[Brief descriptive captions]
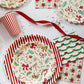 Ribbons & Cheer Gingerbread Bow Beverage Napkins | 24 count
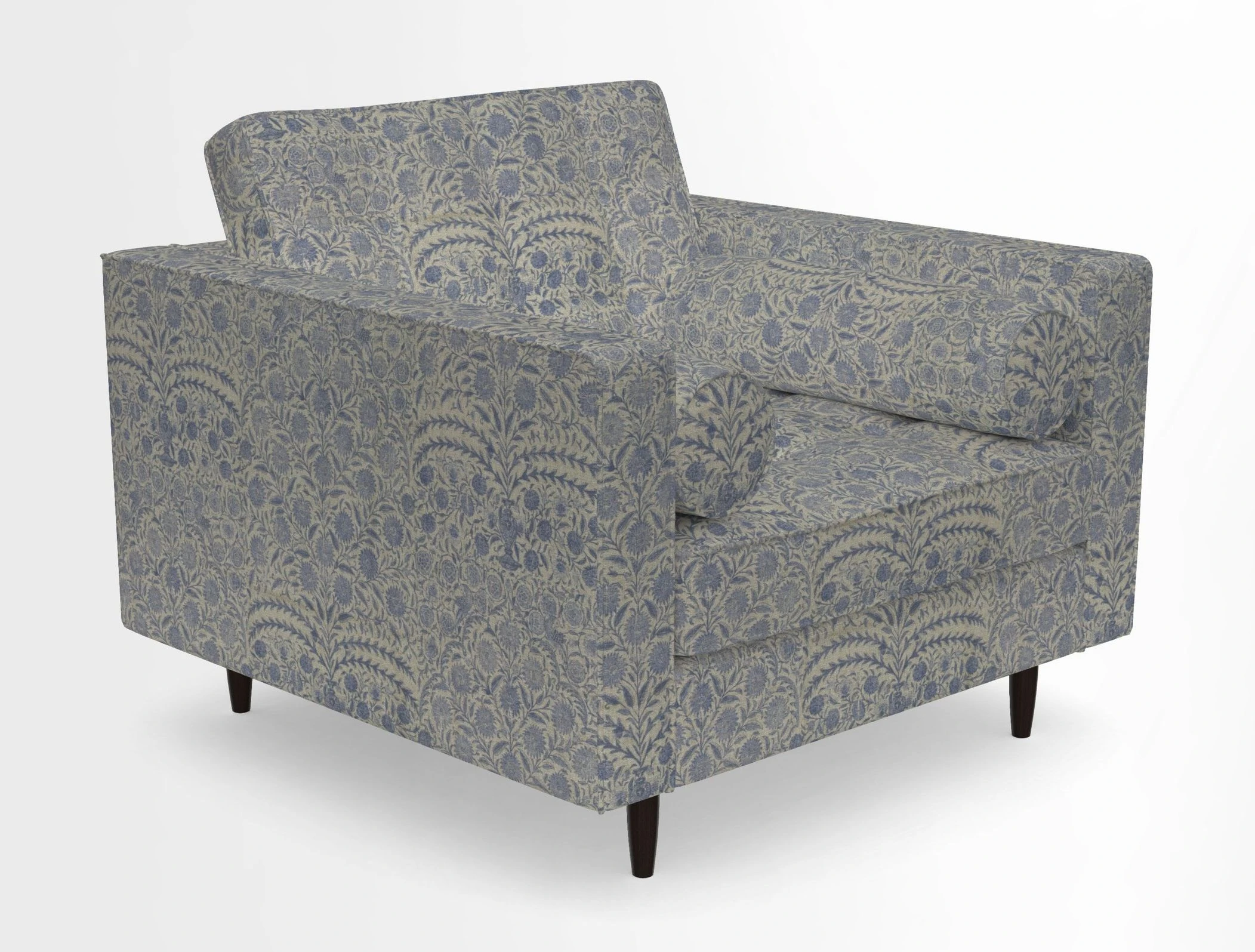 Marylebone Chair in Clever Tough And Eco Velvet Indigo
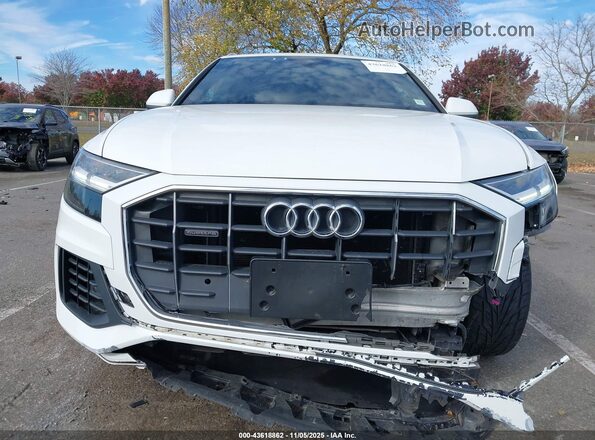 WA1AVAF19KD016764 2019 AUDI Q8 White წინა ხედი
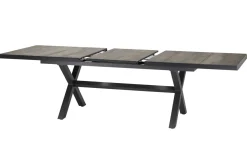Online Corido / Sincro Garten-Essgruppe, charcoal, Alu / Gardino®-Geflecht, 4 Diningsessel, Ausziehtisch 200/260x 100 cm Polyrattan-Gartenmöbel|Garten-Essgruppen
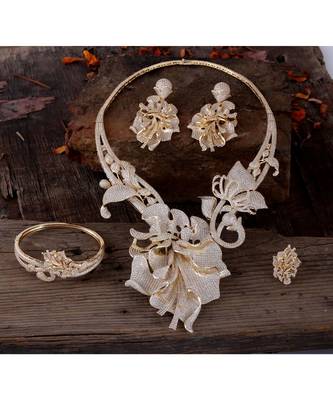 Cubic Zirconia Classy Bridal Necklace 1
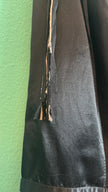 Vintage 1980s Black Satin Tracht Apron With Floral Embroidery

YOUR INSTRUCTIONS → With the pictures left out, copy exactly the lines above from the line containing "Online Corido /" through the last line of the entries.

WRITTEN RESPONSE →
Online Corido / Sincro Garten-Essgruppe, charcoal, Alu / Gardino®-Geflecht, 4 Diningsessel, Ausziehtisch 200/260x 100 cm Polyrattan-Gartenmöbel|Garten-Essgruppen
 Cubic Zirconia Classy Bridal Necklace 1
 Vintage 1980s Black Satin Tracht Apron With Floral Embroidery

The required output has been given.